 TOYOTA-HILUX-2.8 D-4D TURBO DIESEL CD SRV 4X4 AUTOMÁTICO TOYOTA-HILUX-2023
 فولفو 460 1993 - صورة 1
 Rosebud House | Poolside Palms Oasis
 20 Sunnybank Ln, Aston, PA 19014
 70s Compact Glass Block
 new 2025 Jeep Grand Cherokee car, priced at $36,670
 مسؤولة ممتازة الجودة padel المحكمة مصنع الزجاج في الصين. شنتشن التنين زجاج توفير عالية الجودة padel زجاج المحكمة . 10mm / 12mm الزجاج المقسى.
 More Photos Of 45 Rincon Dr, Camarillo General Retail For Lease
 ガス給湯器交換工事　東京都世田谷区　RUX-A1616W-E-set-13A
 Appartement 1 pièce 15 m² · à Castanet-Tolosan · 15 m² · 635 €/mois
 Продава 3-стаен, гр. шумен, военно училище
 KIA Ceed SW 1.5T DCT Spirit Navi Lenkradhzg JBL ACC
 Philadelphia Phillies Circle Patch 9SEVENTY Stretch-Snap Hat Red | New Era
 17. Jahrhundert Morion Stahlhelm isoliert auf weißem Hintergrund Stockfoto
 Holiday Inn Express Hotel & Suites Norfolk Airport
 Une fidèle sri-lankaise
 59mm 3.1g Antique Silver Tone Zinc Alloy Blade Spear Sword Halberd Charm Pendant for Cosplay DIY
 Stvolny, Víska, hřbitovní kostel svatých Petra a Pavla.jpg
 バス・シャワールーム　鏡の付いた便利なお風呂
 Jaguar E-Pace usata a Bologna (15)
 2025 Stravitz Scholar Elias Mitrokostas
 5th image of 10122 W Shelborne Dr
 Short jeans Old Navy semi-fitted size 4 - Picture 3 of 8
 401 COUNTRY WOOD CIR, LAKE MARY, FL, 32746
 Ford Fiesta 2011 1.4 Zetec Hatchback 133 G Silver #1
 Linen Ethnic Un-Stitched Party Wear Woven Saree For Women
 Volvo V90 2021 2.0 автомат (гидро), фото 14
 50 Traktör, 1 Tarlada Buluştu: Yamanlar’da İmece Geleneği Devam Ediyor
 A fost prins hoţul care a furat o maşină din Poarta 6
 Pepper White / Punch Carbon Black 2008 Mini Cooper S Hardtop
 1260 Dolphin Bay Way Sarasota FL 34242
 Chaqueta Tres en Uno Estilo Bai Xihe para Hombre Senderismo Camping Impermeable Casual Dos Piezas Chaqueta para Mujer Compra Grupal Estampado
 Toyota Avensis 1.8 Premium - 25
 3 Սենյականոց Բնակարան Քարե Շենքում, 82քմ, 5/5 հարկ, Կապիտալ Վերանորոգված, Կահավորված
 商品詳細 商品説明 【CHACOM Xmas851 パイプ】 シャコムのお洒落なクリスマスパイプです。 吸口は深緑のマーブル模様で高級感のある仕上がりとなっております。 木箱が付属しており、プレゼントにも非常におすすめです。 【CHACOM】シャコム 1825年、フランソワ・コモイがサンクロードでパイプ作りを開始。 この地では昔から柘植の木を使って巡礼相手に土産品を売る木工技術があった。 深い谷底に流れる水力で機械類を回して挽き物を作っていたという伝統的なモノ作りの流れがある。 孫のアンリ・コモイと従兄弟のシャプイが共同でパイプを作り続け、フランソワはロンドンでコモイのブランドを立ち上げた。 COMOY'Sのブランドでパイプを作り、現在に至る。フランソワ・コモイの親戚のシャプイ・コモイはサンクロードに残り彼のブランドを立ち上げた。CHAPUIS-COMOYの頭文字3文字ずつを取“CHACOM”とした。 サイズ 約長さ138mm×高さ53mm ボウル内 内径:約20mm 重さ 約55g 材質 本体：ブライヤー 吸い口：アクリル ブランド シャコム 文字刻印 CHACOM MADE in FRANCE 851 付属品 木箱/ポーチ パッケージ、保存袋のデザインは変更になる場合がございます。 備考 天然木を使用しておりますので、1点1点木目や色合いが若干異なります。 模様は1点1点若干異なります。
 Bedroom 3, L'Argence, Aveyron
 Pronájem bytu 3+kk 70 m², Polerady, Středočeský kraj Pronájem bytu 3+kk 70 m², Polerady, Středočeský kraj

## Task directions
After locating the line with "Appartement 1 pièce" in the material above, return it and each line after it exactly, ending at the line with "Une fidèle sri-lankaise".

## Your solution
 Appartement 1 pièce 15 m² · à Castanet-Tolosan · 15 m² · 635 €/mois
 Продава 3-стаен, гр. шумен, военно училище
 KIA Ceed SW 1.5T DCT Spirit Navi Lenkradhzg JBL ACC
 Philadelphia Phillies Circle Patch 9SEVENTY Stretch-Snap Hat Red | New Era
 17. Jahrhundert Morion Stahlhelm isoliert auf weißem Hintergrund Stockfoto
 Holiday Inn Express Hotel & Suites Norfolk Airport
 Une fidèle sri-lankaise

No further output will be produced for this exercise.